Image-text web data:
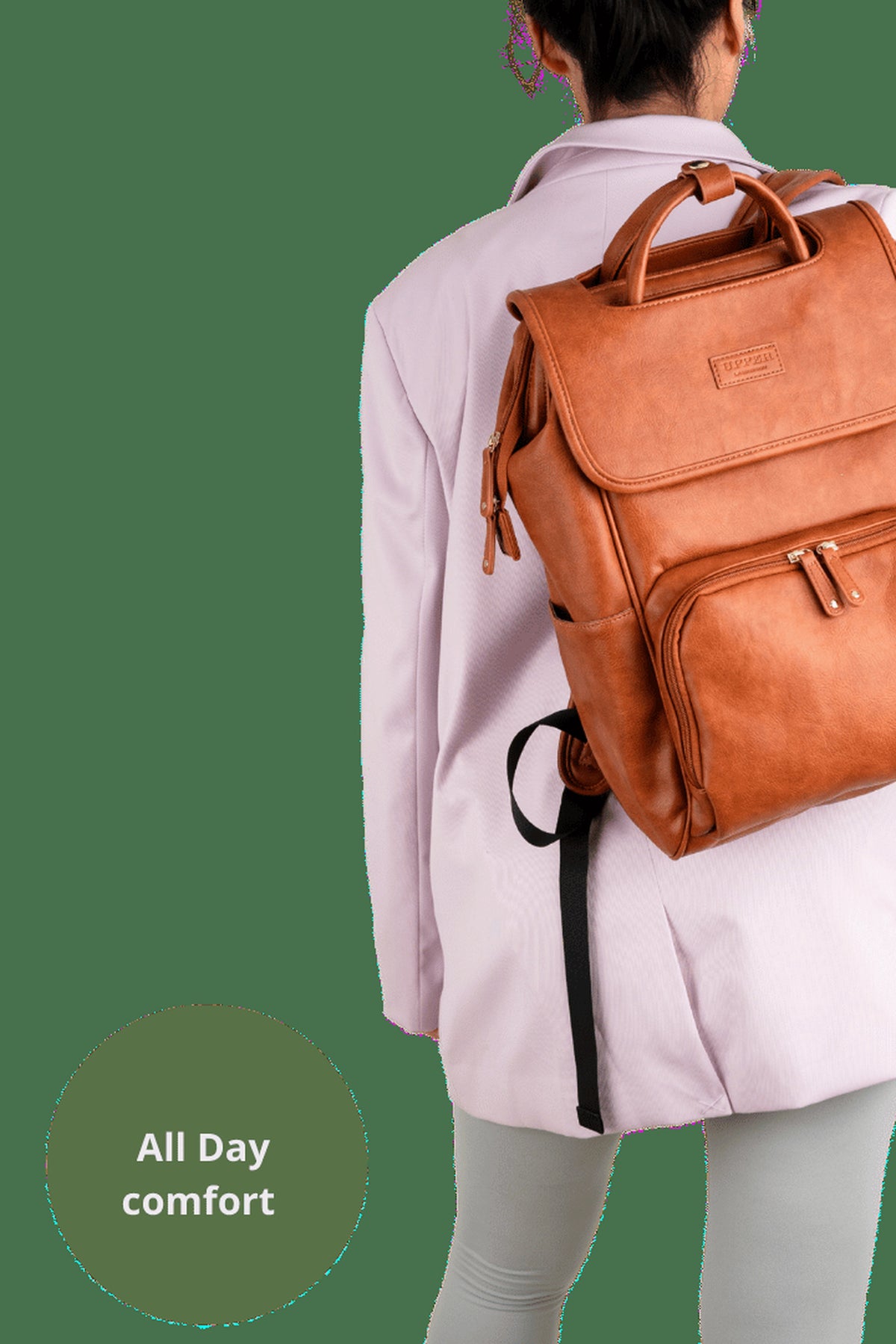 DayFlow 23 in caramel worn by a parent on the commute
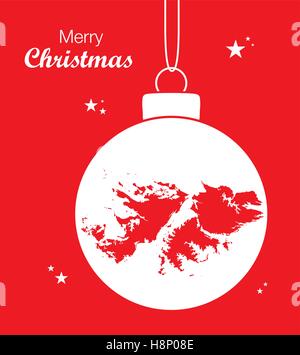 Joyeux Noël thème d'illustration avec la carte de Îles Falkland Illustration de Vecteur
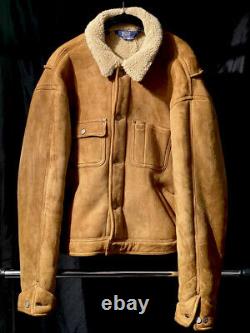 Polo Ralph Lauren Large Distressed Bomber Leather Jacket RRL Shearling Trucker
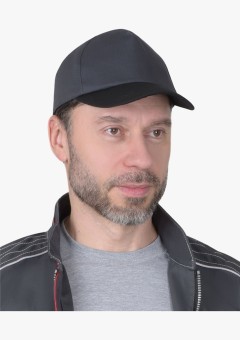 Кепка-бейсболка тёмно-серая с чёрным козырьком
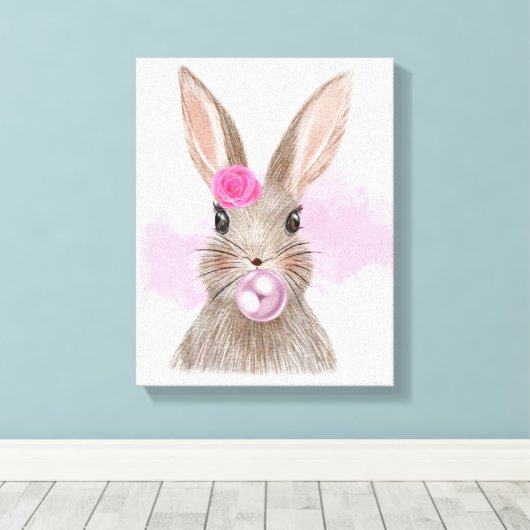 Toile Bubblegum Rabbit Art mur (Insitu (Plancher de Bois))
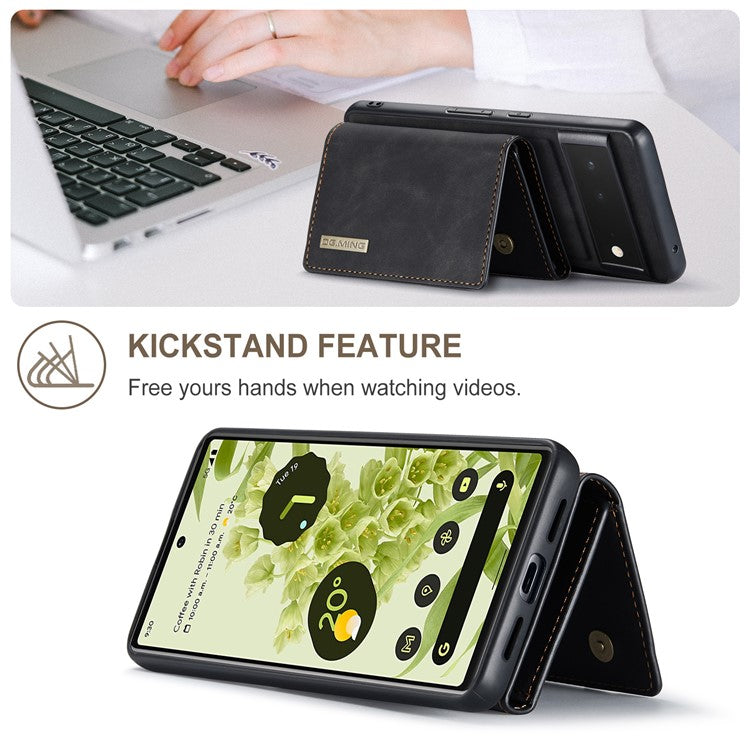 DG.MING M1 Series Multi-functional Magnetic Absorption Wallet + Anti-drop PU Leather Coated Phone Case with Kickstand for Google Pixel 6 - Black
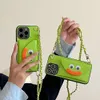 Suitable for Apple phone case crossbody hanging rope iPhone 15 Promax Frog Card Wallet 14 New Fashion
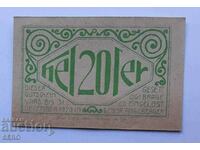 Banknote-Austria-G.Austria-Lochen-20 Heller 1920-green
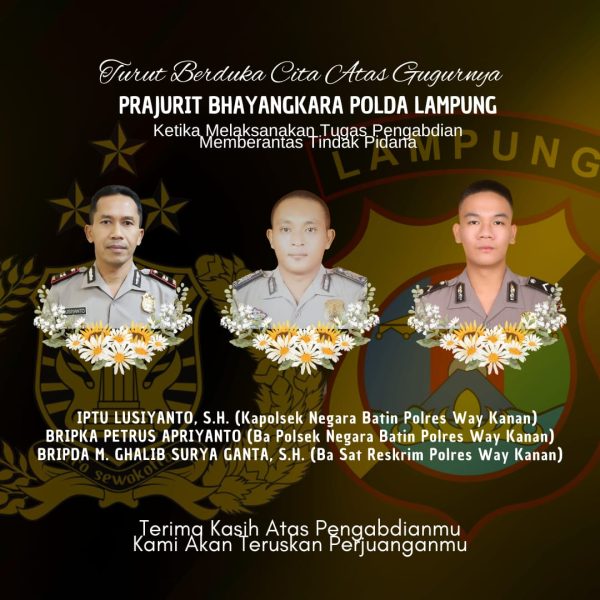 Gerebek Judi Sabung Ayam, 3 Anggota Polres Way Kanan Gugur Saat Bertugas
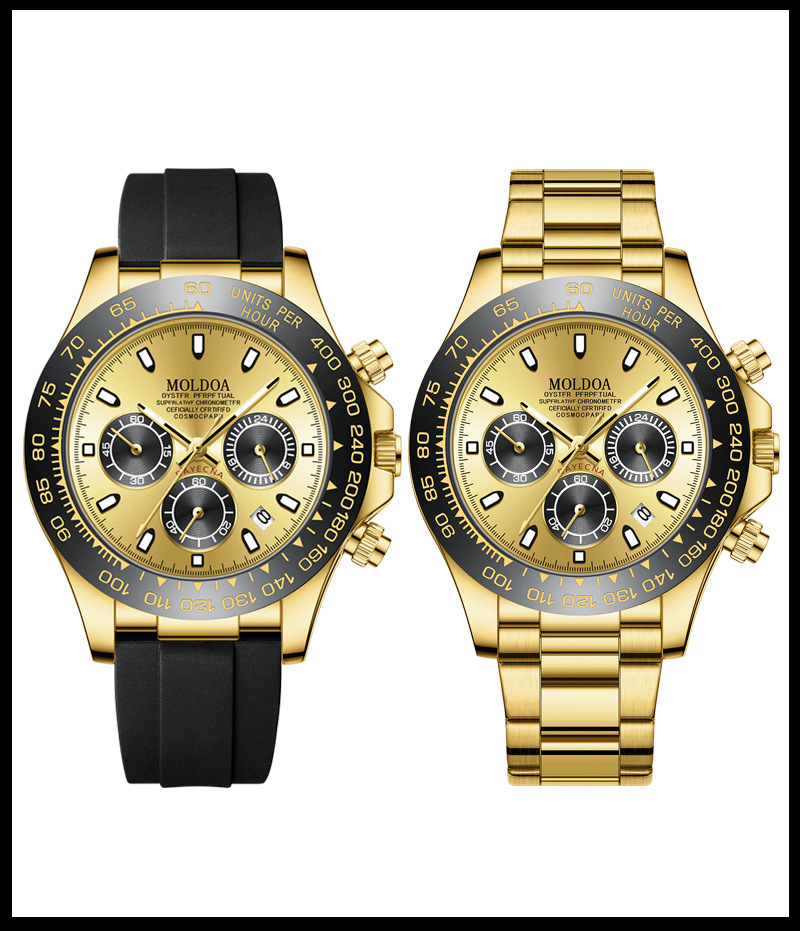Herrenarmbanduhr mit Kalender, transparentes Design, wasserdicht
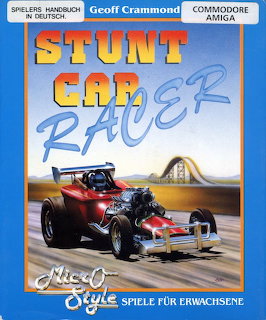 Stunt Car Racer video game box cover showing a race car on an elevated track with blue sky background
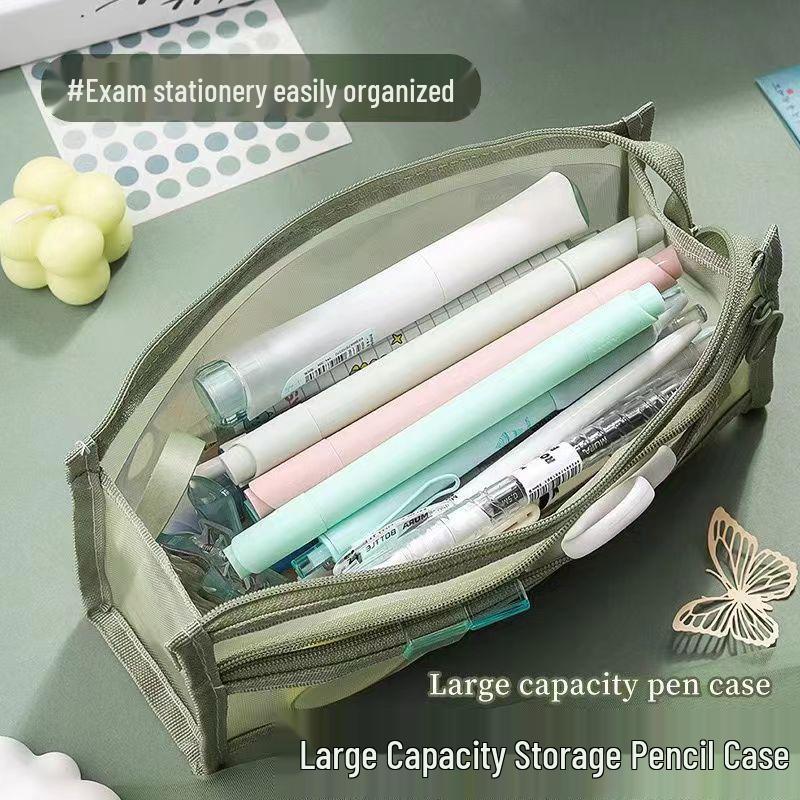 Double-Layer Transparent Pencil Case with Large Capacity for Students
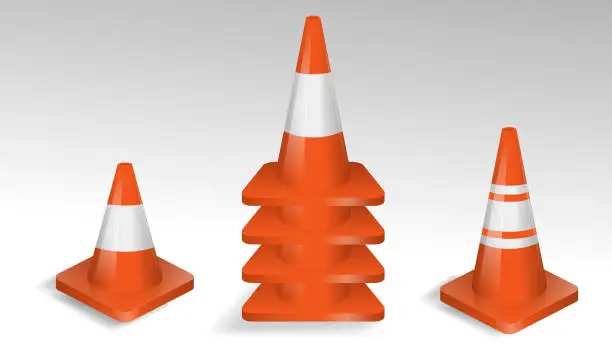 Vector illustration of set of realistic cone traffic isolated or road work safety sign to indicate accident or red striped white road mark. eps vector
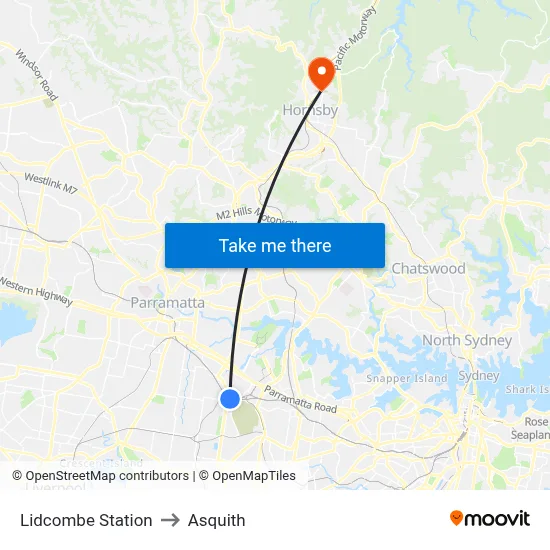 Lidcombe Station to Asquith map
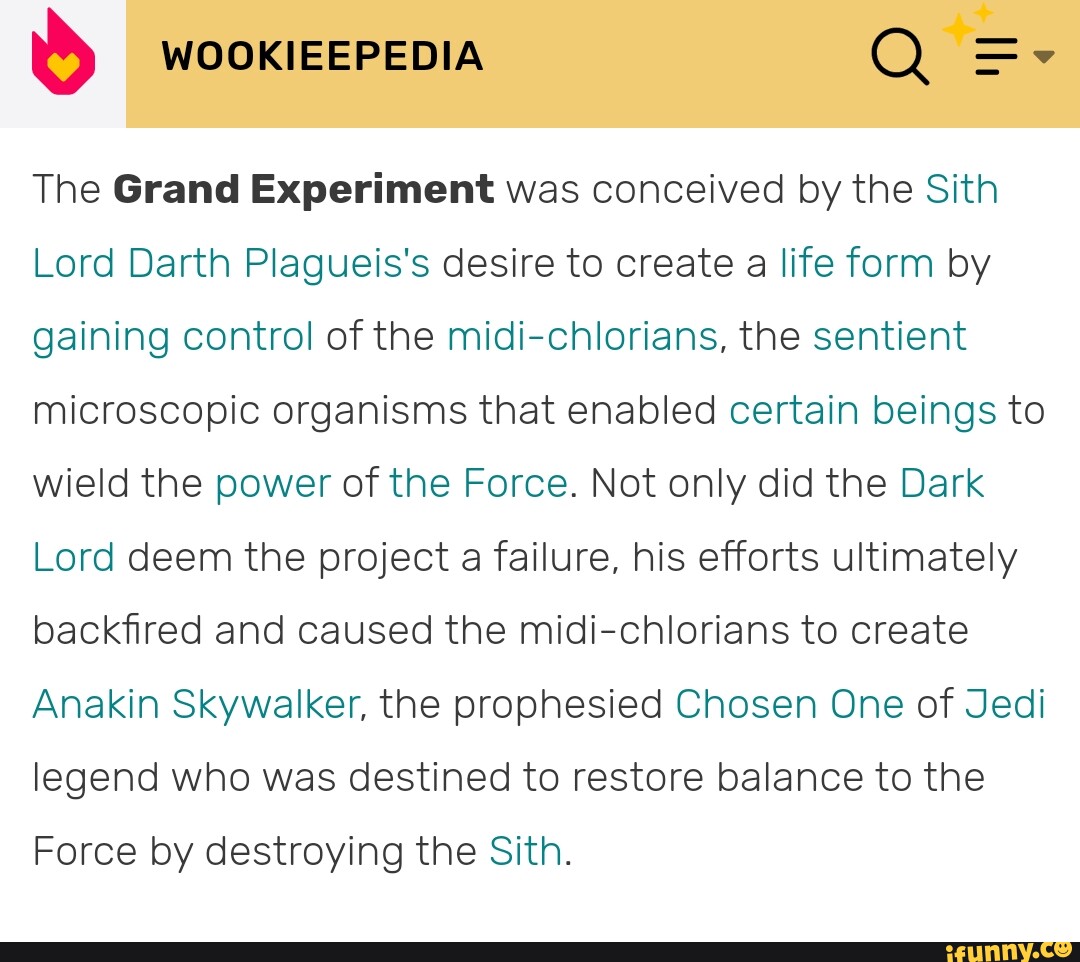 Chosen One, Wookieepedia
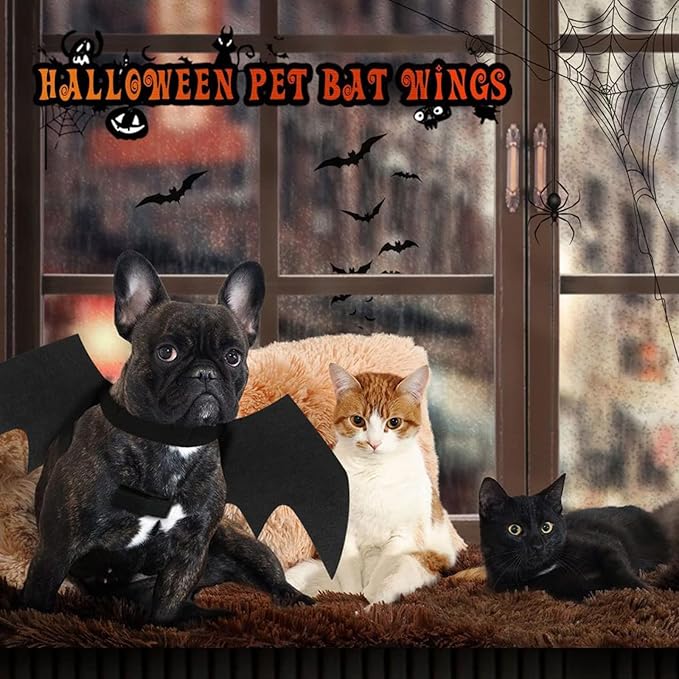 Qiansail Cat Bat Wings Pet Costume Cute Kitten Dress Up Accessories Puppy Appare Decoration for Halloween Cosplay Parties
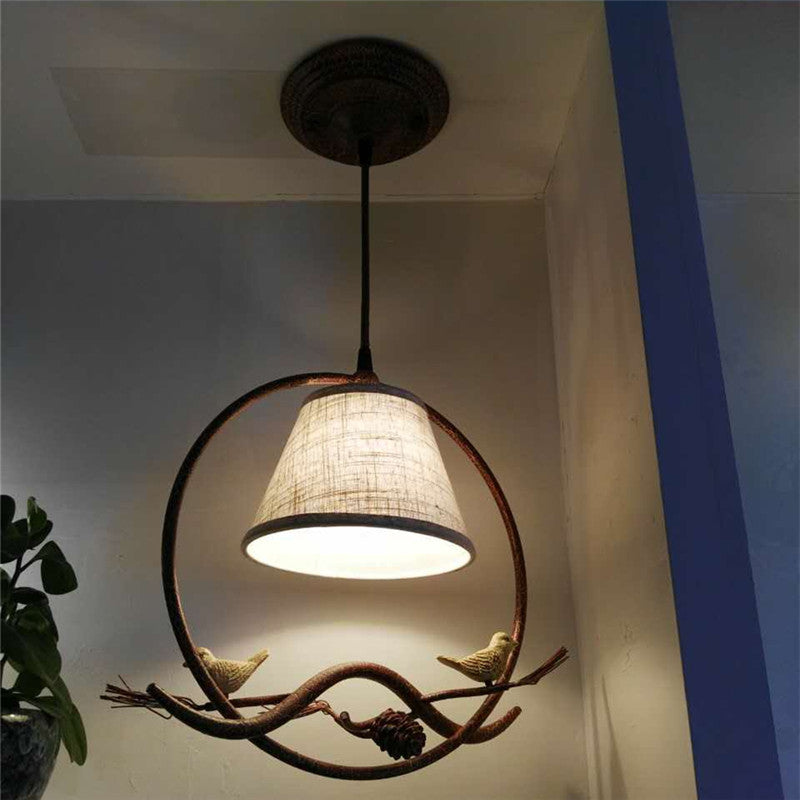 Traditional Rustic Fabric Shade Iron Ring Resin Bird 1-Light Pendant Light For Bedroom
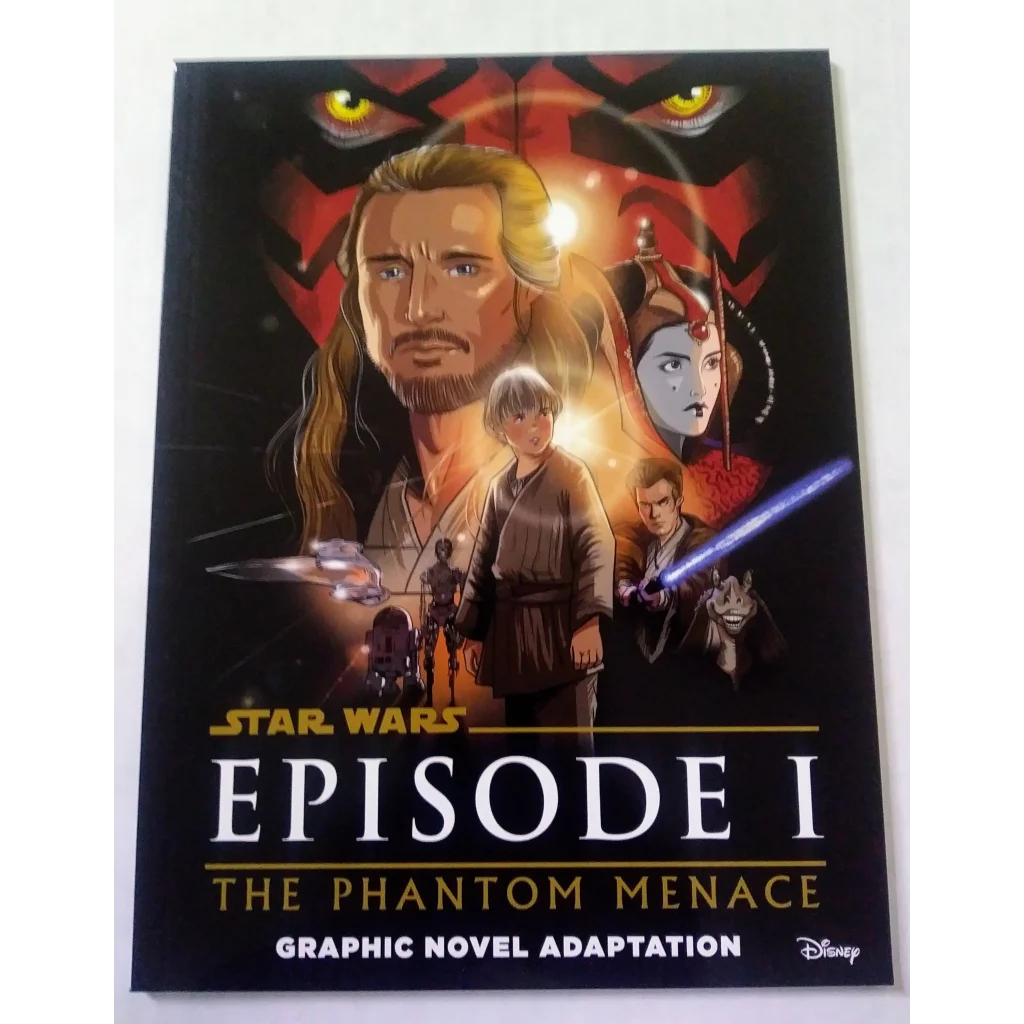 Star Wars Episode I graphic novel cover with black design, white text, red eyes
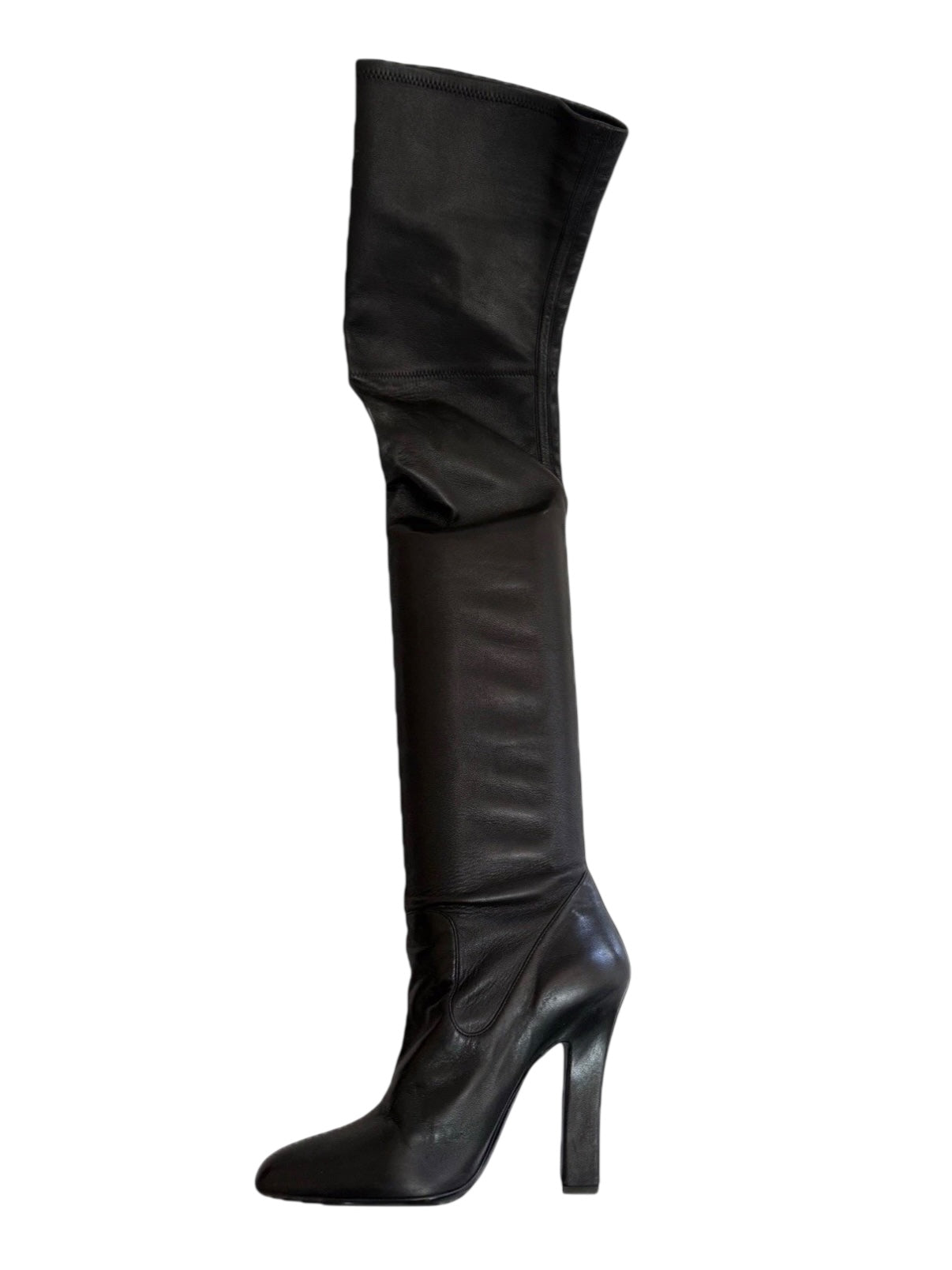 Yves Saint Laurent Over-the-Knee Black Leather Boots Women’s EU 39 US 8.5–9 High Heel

Task to carry out: Reproduce the data above exactly, but only the lines from the one showing "Gerebek Judi Sabung" through the one showing "Double-Layer Transparent Pencil", with both ends kept and the pictures left out.

Answer box:
 Gerebek Judi Sabung Ayam, 3 Anggota Polres Way Kanan Gugur Saat Bertugas
Herrenarmbanduhr mit Kalender, transparentes Design, wasserdicht
 Stunt Car Racer video game box cover showing a race car on an elevated track with blue sky background
 Double-Layer Transparent Pencil Case with Large Capacity for Students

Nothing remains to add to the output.